**Task prompt**.
Everything from the line containing "Chanel Necklace Coco" through the final line of the material is to be restated word for word, and only that.
*** Supplied entries
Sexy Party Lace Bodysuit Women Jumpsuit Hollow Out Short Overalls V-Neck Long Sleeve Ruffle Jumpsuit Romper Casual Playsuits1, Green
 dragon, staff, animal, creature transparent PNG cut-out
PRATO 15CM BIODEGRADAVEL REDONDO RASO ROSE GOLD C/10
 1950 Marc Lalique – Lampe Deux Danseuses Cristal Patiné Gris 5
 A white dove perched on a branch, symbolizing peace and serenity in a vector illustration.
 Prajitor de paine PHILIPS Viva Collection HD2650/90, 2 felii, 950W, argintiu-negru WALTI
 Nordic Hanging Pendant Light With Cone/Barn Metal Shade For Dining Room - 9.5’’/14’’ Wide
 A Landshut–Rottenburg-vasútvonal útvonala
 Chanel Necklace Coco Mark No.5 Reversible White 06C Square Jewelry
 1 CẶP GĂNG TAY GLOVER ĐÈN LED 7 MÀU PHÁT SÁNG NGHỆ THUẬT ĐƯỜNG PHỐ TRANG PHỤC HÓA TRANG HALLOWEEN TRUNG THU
******
**Solved problem**.
 Chanel Necklace Coco Mark No.5 Reversible White 06C Square Jewelry
 1 CẶP GĂNG TAY GLOVER ĐÈN LED 7 MÀU PHÁT SÁNG NGHỆ THUẬT ĐƯỜNG PHỐ TRANG PHỤC HÓA TRANG HALLOWEEN TRUNG THU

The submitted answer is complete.